▶ [The task]
Return, word for word, the lines of the listing below from the one with "Axyaa Double-Sided Antibacterial" through the one with "Bacteria Line Gradient Icon vector", and no other lines.

▶ [Records for this task]
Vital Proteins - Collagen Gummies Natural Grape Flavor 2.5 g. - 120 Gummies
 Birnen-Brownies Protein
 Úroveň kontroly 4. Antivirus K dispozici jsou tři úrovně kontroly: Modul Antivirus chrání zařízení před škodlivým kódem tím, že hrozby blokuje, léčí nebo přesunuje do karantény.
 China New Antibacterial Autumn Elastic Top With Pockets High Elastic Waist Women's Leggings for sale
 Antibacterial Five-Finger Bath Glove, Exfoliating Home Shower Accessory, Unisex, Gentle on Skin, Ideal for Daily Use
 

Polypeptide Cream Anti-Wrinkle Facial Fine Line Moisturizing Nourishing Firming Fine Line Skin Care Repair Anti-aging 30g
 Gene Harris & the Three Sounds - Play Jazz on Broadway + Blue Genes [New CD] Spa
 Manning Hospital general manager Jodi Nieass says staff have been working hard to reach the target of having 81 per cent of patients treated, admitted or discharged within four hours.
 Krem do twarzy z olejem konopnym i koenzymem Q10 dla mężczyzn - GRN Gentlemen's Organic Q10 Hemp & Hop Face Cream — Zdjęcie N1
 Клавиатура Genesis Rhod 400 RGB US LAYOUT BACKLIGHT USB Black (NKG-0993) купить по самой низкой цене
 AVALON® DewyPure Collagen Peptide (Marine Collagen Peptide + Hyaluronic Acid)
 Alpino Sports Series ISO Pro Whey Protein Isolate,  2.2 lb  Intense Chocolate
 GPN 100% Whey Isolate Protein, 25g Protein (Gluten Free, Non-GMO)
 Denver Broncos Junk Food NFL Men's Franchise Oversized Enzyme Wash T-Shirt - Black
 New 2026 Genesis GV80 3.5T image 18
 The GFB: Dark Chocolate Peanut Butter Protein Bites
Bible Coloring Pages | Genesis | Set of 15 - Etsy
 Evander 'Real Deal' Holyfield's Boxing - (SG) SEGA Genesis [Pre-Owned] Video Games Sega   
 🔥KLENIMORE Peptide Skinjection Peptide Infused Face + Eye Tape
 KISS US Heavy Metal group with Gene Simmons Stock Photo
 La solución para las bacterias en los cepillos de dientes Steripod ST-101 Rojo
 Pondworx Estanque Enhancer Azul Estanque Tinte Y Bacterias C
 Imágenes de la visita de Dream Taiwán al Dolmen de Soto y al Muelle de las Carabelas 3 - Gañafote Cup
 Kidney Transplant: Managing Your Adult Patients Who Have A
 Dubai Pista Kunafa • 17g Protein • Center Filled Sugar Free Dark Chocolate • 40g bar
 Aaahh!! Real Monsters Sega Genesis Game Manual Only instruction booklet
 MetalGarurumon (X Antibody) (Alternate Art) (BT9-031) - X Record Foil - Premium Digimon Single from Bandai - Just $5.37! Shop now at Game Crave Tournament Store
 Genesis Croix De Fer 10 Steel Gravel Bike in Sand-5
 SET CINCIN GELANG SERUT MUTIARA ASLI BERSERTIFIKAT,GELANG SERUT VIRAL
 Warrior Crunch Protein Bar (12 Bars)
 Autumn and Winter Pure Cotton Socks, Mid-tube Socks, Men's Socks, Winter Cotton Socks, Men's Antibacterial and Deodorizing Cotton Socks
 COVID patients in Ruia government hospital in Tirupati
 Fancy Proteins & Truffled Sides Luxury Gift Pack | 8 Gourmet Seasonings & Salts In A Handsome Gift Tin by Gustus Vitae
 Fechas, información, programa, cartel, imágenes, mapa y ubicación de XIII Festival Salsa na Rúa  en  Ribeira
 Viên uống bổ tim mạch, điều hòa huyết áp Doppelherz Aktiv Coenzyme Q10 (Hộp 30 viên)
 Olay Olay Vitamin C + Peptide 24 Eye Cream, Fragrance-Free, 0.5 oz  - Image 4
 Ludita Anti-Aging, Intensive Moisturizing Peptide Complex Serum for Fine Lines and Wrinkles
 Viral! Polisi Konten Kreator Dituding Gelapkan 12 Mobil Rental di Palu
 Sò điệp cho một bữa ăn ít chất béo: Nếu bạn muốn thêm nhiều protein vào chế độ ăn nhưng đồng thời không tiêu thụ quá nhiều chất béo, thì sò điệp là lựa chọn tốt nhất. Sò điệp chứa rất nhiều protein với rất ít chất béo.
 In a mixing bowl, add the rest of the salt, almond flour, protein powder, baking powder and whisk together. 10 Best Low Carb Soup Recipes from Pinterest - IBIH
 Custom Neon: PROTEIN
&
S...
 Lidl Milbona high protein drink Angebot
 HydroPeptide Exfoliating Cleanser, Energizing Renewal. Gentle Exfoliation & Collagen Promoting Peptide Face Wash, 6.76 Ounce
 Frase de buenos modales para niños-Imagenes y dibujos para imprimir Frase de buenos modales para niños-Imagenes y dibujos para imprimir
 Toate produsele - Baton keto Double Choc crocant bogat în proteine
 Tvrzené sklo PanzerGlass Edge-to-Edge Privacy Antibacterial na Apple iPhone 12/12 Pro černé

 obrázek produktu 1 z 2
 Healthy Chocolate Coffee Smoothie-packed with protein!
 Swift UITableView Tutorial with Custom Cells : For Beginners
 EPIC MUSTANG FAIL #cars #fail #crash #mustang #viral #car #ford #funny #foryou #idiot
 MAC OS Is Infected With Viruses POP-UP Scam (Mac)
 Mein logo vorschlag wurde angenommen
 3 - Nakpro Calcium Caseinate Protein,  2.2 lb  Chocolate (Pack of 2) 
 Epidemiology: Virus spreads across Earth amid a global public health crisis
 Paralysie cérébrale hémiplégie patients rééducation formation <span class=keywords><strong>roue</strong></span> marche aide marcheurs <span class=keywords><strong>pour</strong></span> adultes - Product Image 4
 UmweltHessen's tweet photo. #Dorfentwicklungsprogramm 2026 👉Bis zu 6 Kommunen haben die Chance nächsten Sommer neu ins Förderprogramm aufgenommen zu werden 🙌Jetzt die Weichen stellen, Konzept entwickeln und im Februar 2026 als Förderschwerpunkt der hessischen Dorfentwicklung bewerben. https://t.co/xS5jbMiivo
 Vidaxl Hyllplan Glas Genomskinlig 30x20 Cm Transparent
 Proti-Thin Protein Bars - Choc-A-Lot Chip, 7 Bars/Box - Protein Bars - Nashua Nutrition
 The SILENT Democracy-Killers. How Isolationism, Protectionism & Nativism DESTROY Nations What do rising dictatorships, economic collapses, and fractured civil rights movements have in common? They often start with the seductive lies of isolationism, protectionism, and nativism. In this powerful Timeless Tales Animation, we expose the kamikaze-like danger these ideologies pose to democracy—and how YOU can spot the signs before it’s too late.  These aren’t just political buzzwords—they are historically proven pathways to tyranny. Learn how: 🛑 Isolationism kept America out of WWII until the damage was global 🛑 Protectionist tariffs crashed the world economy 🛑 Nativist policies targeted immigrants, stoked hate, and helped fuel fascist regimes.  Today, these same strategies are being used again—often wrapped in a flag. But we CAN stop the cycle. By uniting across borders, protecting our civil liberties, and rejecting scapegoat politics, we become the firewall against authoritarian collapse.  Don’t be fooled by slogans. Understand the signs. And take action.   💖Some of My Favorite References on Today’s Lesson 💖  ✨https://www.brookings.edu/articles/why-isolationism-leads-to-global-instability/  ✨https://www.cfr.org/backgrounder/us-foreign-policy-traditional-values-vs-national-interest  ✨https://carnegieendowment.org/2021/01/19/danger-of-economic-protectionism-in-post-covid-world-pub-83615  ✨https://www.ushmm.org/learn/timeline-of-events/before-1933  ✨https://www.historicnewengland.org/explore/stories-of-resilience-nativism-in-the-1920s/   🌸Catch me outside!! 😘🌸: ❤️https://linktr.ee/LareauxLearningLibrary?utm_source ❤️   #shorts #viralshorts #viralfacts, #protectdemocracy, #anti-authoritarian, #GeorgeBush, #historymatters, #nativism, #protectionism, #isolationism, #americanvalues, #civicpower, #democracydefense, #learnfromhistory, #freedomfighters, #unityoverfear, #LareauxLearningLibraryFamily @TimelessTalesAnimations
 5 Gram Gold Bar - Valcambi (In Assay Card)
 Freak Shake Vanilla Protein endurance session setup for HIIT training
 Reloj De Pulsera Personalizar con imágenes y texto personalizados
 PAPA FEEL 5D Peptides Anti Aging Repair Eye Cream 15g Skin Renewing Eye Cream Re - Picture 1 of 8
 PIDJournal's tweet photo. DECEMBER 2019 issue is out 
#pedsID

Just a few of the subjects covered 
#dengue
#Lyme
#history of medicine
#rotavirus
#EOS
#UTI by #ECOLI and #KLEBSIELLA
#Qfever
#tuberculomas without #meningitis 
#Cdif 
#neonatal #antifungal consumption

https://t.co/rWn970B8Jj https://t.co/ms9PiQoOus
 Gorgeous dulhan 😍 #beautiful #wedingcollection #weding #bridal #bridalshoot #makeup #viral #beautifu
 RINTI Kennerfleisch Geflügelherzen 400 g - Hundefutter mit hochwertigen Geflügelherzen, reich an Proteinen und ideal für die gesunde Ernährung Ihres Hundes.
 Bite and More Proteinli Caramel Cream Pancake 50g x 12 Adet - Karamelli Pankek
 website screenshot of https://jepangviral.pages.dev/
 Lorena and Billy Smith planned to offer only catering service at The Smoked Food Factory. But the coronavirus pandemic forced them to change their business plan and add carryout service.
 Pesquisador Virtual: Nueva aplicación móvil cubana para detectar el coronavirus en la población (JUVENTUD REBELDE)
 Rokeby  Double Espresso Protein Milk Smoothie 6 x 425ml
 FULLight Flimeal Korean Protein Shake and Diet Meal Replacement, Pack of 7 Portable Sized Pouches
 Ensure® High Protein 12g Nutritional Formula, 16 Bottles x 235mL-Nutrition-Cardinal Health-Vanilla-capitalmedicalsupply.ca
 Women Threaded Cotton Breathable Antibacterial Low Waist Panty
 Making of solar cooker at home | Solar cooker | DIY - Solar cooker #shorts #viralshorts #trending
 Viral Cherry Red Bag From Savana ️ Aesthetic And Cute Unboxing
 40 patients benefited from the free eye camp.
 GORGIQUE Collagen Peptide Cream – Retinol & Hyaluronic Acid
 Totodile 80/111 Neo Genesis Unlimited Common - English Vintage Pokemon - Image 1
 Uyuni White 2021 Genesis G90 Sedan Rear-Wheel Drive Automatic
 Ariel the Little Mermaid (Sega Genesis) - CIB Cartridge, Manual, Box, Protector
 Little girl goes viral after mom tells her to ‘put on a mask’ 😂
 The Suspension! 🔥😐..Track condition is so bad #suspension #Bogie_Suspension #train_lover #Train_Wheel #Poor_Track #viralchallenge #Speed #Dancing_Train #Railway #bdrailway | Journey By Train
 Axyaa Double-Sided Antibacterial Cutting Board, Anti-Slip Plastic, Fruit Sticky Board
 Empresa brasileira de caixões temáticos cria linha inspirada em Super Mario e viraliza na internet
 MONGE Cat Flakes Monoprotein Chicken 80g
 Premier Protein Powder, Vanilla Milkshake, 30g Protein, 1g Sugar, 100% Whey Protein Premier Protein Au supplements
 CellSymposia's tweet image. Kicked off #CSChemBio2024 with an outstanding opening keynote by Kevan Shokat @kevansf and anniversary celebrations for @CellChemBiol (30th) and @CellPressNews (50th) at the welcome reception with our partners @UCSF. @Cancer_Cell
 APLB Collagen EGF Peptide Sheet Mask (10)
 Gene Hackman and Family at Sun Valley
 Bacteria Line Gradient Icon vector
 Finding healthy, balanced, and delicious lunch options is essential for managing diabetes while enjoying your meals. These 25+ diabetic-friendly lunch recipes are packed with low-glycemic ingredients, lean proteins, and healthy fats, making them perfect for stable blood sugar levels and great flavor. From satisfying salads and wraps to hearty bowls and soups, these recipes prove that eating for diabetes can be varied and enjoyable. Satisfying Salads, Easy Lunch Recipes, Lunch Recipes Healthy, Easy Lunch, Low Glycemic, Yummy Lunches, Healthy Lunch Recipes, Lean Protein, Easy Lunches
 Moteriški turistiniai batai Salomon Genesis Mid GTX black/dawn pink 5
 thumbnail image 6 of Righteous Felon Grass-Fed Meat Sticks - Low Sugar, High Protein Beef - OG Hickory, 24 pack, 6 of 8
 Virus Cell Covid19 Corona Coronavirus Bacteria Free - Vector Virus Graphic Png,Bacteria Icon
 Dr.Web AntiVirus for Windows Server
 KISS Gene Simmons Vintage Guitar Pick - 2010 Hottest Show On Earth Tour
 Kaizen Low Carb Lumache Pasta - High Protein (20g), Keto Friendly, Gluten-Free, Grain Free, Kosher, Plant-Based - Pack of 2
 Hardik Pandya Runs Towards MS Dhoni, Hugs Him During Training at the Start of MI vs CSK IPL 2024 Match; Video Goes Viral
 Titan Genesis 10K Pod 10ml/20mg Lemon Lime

▶ [Solution to the problem]
 Axyaa Double-Sided Antibacterial Cutting Board, Anti-Slip Plastic, Fruit Sticky Board
 Empresa brasileira de caixões temáticos cria linha inspirada em Super Mario e viraliza na internet
 MONGE Cat Flakes Monoprotein Chicken 80g
 Premier Protein Powder, Vanilla Milkshake, 30g Protein, 1g Sugar, 100% Whey Protein Premier Protein Au supplements
 CellSymposia's tweet image. Kicked off #CSChemBio2024 with an outstanding opening keynote by Kevan Shokat @kevansf and anniversary celebrations for @CellChemBiol (30th) and @CellPressNews (50th) at the welcome reception with our partners @UCSF. @Cancer_Cell
 APLB Collagen EGF Peptide Sheet Mask (10)
 Gene Hackman and Family at Sun Valley
 Bacteria Line Gradient Icon vector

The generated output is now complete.